Lark Rise to Candleford, Flora Thompson

I don’t seem to have had a very good run of it in 2022 when it comes to choosing boring books. I think I should have taken it as a sign that even the TV show based on this book was too boring for me. This is something of a classic, but its disjointed, repetitive nature lacking in strong narrative (not surprisingly given that it is a real woman’s recollections) just didn’t do it for me. It was interesting as a piece of social and cultural history, but in terms of reading for pleasure, I was somewhat disappointed. If this is a period of history that particularly interests you, or you have a completionist approach to TV period dramas, then go for it, but if you’re after a good story and developed characters, you’re better off looking elsewhere.
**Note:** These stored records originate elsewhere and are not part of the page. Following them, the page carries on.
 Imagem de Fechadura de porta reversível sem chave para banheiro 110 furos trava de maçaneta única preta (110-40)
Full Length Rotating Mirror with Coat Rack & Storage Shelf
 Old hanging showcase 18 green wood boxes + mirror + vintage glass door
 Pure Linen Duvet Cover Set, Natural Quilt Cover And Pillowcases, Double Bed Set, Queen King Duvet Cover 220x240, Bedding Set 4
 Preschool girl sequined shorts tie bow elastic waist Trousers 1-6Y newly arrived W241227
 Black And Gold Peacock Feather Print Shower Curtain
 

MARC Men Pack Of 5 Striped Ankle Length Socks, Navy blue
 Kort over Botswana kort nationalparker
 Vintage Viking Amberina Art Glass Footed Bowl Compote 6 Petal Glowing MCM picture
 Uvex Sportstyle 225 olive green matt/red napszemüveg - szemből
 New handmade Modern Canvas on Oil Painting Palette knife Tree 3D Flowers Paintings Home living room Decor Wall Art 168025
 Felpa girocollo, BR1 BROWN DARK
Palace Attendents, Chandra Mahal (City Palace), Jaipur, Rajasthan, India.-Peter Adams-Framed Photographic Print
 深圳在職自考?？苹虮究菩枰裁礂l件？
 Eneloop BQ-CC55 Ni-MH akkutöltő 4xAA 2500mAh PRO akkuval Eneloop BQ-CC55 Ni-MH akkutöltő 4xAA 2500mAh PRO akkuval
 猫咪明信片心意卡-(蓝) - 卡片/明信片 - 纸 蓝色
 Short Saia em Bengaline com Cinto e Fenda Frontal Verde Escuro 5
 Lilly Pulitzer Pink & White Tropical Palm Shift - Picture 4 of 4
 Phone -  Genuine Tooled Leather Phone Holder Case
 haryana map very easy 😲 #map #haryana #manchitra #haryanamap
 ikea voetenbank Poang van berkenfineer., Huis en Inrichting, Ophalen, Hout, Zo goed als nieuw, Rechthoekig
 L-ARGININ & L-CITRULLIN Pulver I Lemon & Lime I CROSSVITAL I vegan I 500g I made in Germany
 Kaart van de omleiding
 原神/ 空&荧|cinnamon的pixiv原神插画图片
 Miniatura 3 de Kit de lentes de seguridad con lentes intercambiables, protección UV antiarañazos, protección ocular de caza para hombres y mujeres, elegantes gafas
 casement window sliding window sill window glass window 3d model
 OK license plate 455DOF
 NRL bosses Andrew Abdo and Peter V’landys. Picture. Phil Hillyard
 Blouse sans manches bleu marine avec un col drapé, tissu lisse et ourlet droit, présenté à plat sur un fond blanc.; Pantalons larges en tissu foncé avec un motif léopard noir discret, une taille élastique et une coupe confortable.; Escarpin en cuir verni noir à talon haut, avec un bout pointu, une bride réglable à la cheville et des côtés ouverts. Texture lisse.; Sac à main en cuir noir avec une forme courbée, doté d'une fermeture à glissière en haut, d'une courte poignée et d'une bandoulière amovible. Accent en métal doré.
The Song of Achilles, Madeline Miller

This book received such rave reviews that it was on my library reserve list for months waiting for everyone else to finish it. However it was worth the wait, and I really enjoyed it. I wrote a fuller review as part of The Reading List series, and you can find it here: The Reading List, The Song of Achilles, Madeleine Miller.

I, Robot, Isaac Asimov, 1950

I had been meaning to give this one a go for many years. Despite considering myself a bit of a sci-fi fan, I had managed to not read a single Asimov. I can’t say this one really lived up to the hype I had given it! It was very much of its time in writing style, and reminded me of the sorts of children’s comic books hoarded under the stairs at my grandparents. At times interesting, short, but strangely procedural and not particularly gripping, and not something that has left me yearning to explore his other works. Perhaps somewhat sacrilegious to say, but you might have more fun watching the film!

The Island of Missing Trees, Elif Shafak, 2021

A friend had strongly recommended Shafak to me, so when this came up on my library app I was keen to give her a go. I was not disappointed – what a wonderful book. Some aspects of mysticism that I found very appealing, with well-written, believable characters, and clearly thoroughly researched. It explores the relationship between two Cypriot protagonists, with a brilliant cast of supporting characters. It is at times moving, funny, and throughout has a heart and warmth to it that is very endearing. I would almost say this is a classic ‘good read’ – a narrative based in the relationships between believable characters over a long period of time, with insight and thoughtfulness woven into every line and chapter. I would highly recommend this one, and I’d love to hear if you think I’ve over-hyped it!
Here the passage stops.